For American Cleaning, O'Brien says the experience was almost totally positive. During their first year of ownership, Hako Werke pumped more than $500,000 into the U.S. subsidiary and plans to spend several million dollars more in the next few years to expand the facility for manufacturing the entire Hako line in the United States.

Equally important, O'Brien adds, the new owners haven't spent all their time tinkering with the basic products, since their satisfaction with the quality of these products is what drew them to the firm in the first place.

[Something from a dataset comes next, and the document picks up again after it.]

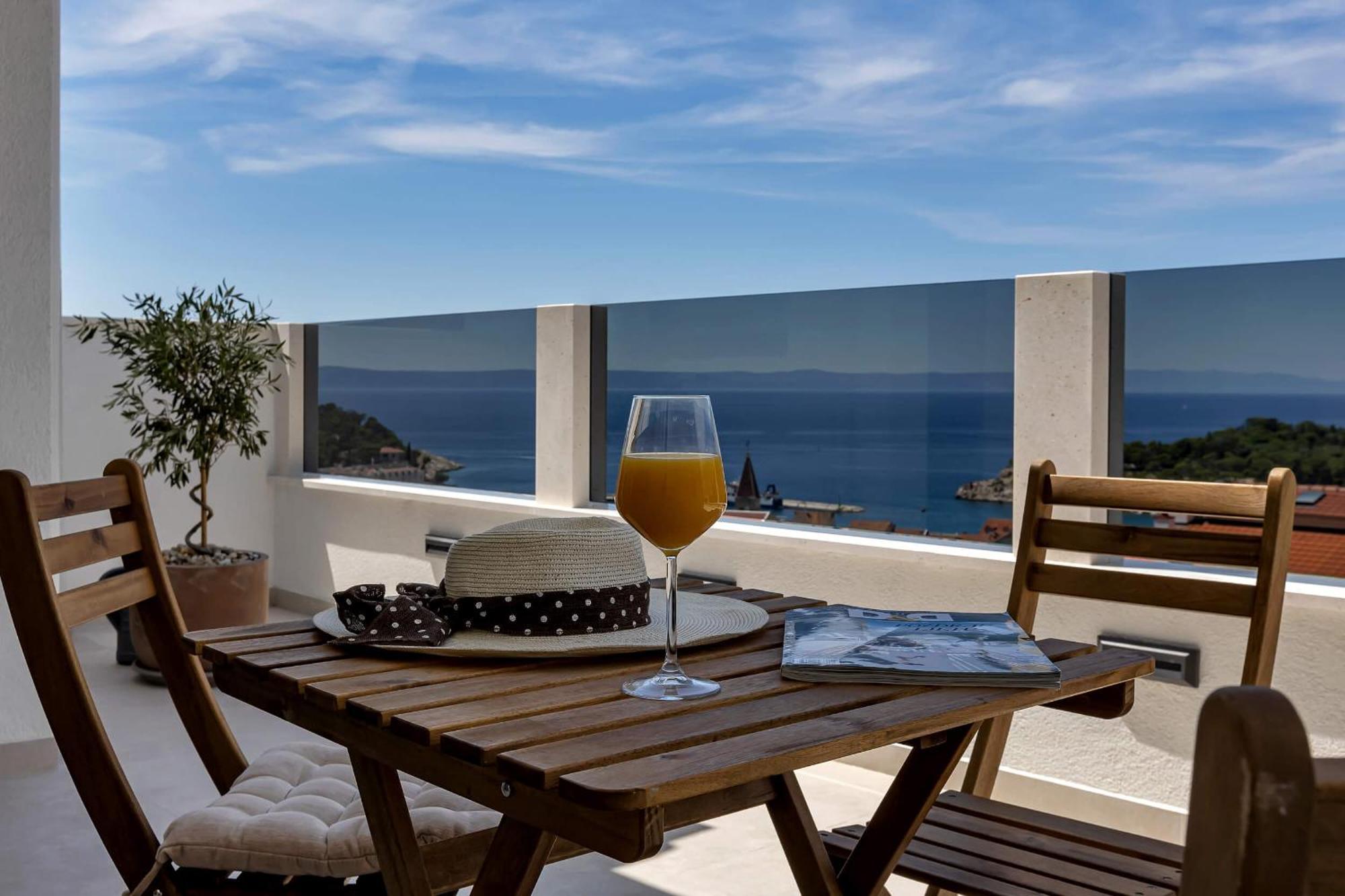 Apartments Luka'S View Makarska Extérieur photo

For Hako Werke, a manufacturer of floor sweepers, scrubbers, and other maintenance equipment, the attraction was in an established marketing network, and a complementary product line. The companies' product lines dovetailed nicely, with Hako tending to specialize in somewhat larger equipment than American Cleaning. The German firm had been exporting its products to the United States via a marketing subsidiary, but a major entry into the U.S. market required a manufacturing presence here. At the same time, the Germans were looking for a company whose products might find applications in Europe.

Founded in 1950 by Jim McSheehy and Mat Zmudka, American Cleaning had evolved from a seller of blowers to a manufacturer of a full line of industrial scrubbers, sweepers, and vacuums. This year's sales are expected to be more than $6 million.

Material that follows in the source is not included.